The following discussion and analysis of our financial condition and results of operations should be read in conjunction with our audited consolidated financial statements and the notes related thereto which are included in “Item 8. Consolidated Financial Statements and Supplementary Data” of this Annual Report. Certain information contained in the discussion and analysis set forth below includes forward-looking statements. Our actual results may differ materially from those anticipated in these forward-looking statements as a result of many factors, including those set forth under “Cautionary Note Regarding Forward-Looking Statements,” “Item 1A. Risk Factors” and elsewhere in this Annual Report.
Overview
We are a blank check company incorporated as a Cayman Islands exempted company and incorporated for the purpose of effecting a merger, amalgamation, share exchange, asset acquisition, share purchase, reorganization or similar business combination with one or more businesses, which we refer to throughout this report as our initial business combination. We may pursue an initial business combination target in any business, industry and geographic location.
We have not entered into a definitive agreement with respect to an initial business combination.
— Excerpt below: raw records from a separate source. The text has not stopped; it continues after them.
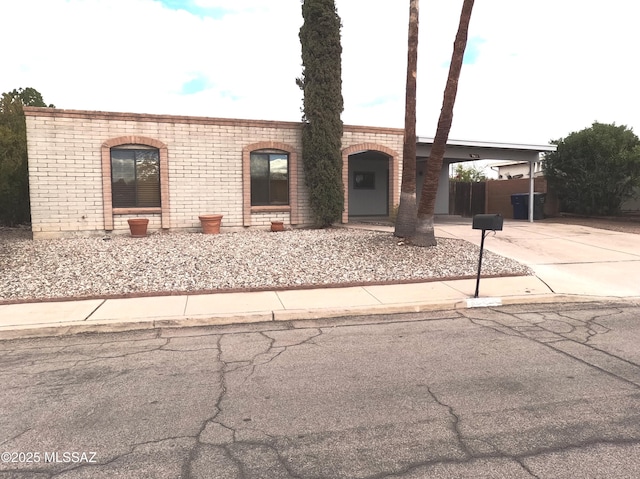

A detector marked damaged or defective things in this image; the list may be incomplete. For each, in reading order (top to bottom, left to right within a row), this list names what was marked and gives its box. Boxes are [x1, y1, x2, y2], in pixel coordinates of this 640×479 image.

cracked asphalt [1, 302, 640, 478]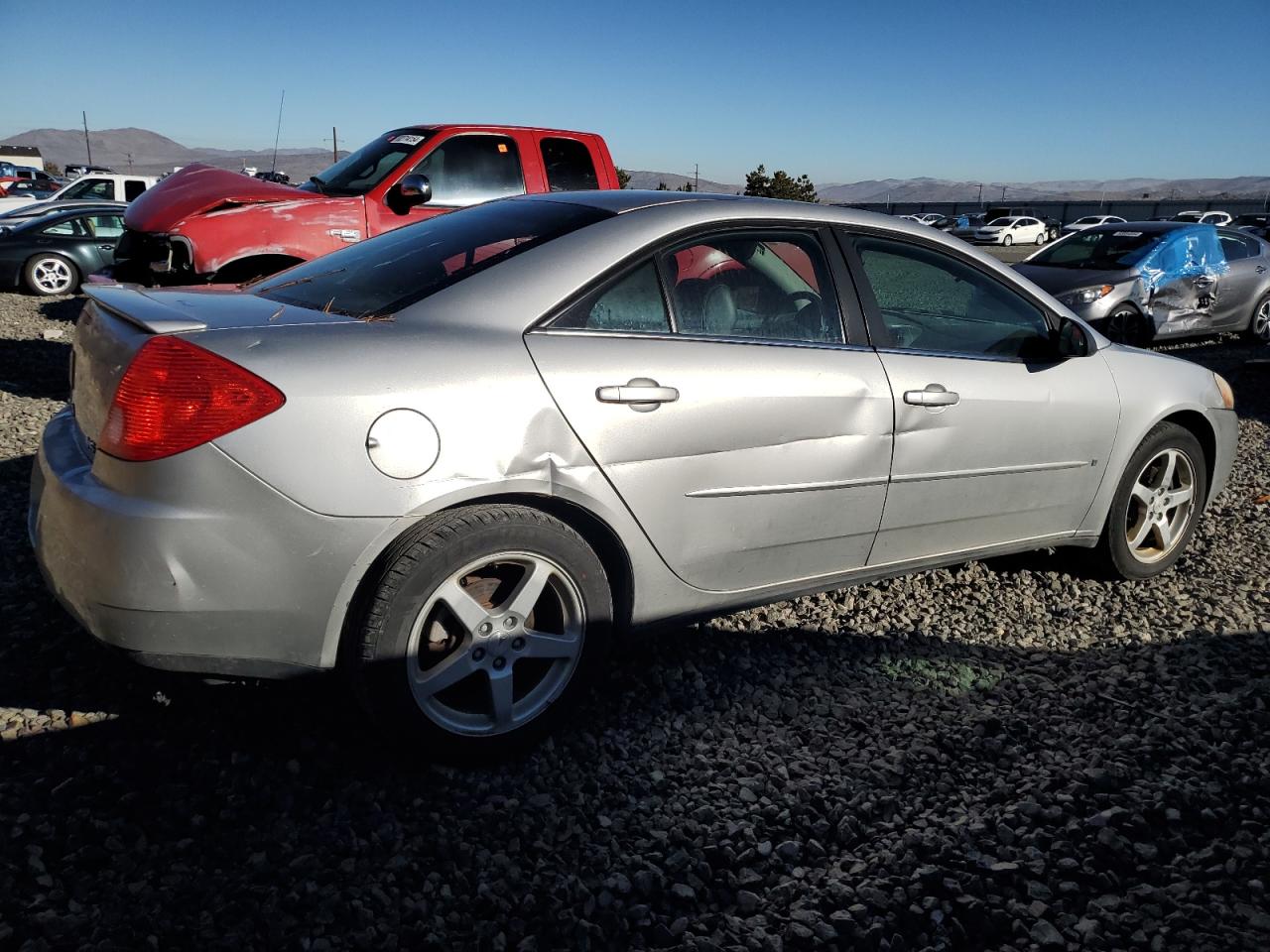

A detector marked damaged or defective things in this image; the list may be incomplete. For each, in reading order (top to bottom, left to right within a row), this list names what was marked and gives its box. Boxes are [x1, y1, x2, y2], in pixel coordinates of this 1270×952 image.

damaged red truck front end [111, 125, 617, 286]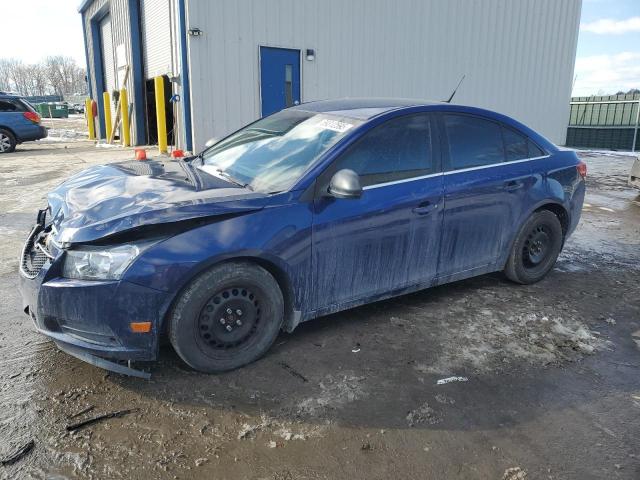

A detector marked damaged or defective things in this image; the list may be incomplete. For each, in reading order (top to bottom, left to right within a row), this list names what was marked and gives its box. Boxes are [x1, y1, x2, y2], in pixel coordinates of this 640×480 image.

crumpled hood [48, 159, 268, 244]
exposed headlight [62, 242, 154, 280]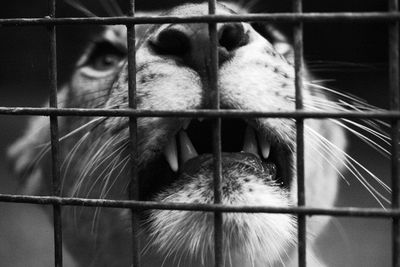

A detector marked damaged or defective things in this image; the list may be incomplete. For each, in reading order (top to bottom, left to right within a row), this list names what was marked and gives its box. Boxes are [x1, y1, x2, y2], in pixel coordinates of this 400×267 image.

rusty metal bar [0, 194, 398, 219]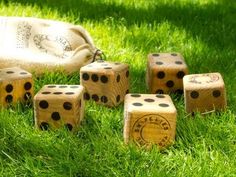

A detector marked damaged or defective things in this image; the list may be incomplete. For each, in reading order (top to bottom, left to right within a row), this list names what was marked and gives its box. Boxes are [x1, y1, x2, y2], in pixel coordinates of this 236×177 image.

Our management team and directors are actively engaged in identifying and evaluating potential business combination and may from time to time engage in discussions with one or more potential targets regarding a potential transaction. Such discussions may involve the execution of preliminary agreements, including non-binding letters of intent or similar arrangements, which are subject to the completion of due diligence and the negotiation and execution of definitive documentation. Any such preliminary arrangements would not obligate the parties to consummate a business combination. Accordingly, there can be no assurance that any such discussions will result in a definitive agreement or the completion of an initial business combination.
We intend to effectuate our initial business combination using cash from the proceeds of our initial public offering and the private placement, our shares, debt or a combination of cash, shares and debt. We will have up to 18 months from the closing of the initial public offering to consummate an initial business combination. We may also hold a shareholder vote at any time to amend our amended and restated memorandum and articles of association to modify the amount of time we will have to consummate an initial business combination (as well as to modify the substance or timing of our obligation to allow redemption in connection with an initial business combination or to redeem 100% of our public shares issued in the initial public offering if we have not consummated an initial business combination within the time periods described herein or with respect to any other material provisions relating to the rights of holders of Class A ordinary shares or pre-initial business combination activity).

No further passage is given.